Women were treated so poorly that PNG was the only country I knew where men outlived women. Village men typically resided in a house, while women and pigs (yes, pigs) lived in a shack behind the house. Both women and pigs were sold or used for barter, the woman/pig ratio depending on the quality of both the women and the pigs. Further, wife beating was perfectly legal and common.
Missionaries of all kinds lived in Port Morseby, where I lived too. Some tried to improve the lives of PNG’s inhabitants, usually accompanied by religious conversion. I could always spot Mormon missionaries from a distance. They, along with the U.S. ambassador, were the only ones I saw with ties and jackets. One PNG resident asked me which Christian club I belonged to. When I looked puzzled by his question, he told me he had joined the Catholic club because they gave him free food.
The Catholic missionaries deplored the “ungodly” practice of bare-breasted women. When I asked a Catholic missionary why he focused more on bare breasts than on wife beating, he said they couldn’t change everything that was wrong in the country and that breasts were a good place to start. There was once a university beauty pageant with five participants, four of whom were bare breasted. When I saw that the primary judge was a Catholic priest, I confidently predicted the winner to my colleagues (resisting the temptation to place big bets). After the breast-covered woman won, my colleagues showed an undeserved respect for my powers of judging beauty.
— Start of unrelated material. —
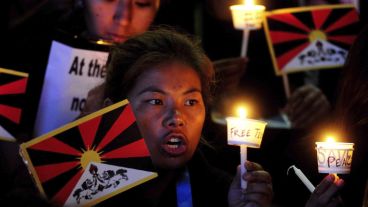 Varios miembros del Congreso de la Juventud Tibetano participan en una vigilia en contra del control del gobierno chino en el Tíbet.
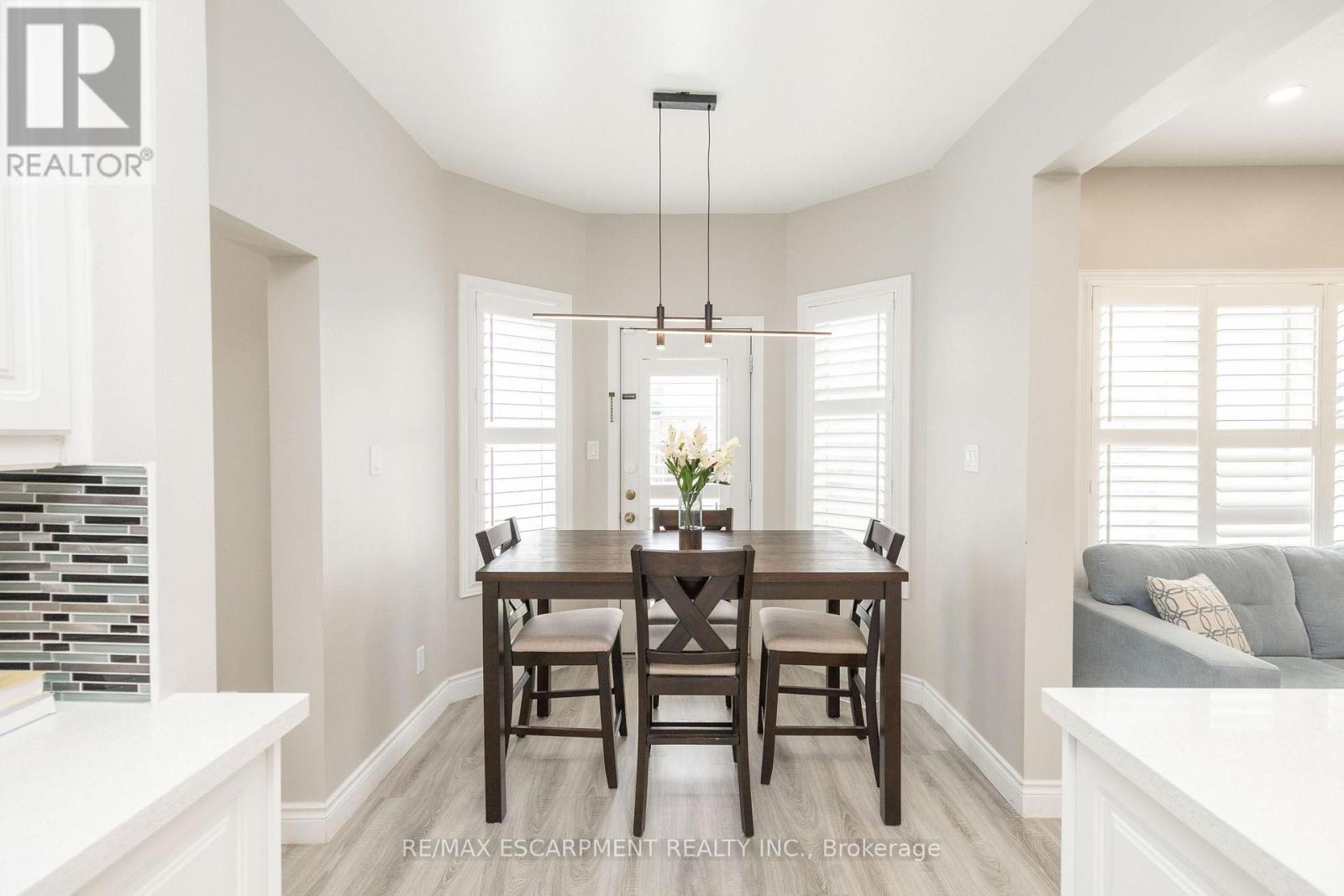 73 Appleblossom Drive, Hamilton, ON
With so many examples of ugly evangelism, what should humanists do? Theist or nontheist, we are all evangelists for issues that matter to us. The question isn’t whether we should proselytize, but how and how often? Were I on the other team (soul saving), I would be embarrassed by a fellow believer who stood on a corner shouting epithets at sinning passersby. I think we shouldn’t be screaming atheists, nor should we go door-to-door spreading the word that there are no gods. But each of us has to decide our level of evangelism. Many of us are comfortable writing letters to the editor, participating in forums or debates, writing to members of Congress, or coming out of our atheist and humanist closets at appropriate times.
What I learned from my Billy Graham Crusade (though I didn’t realize it at the time) was that I am a counter-evangelist. I don’t usually initiate discussions with religionists, but I enjoy having them. I sometimes feel that I am as much on a counter-mission as they are on a mission. I generally counter-evangelize evangelists until either they or I see the discussion becoming counter-productive. There are many opportunities to make people aware of our position without trying to force it on them. For me, in a culture replete with religionists, engaging impassioned participants in a conversation they never had before is the best kind of (counter) evangelism.
But in the end, religious or not, silent evangelism might be the most effective approach for all of us. People are likely to respect our worldview more for what we do, than for what we preach.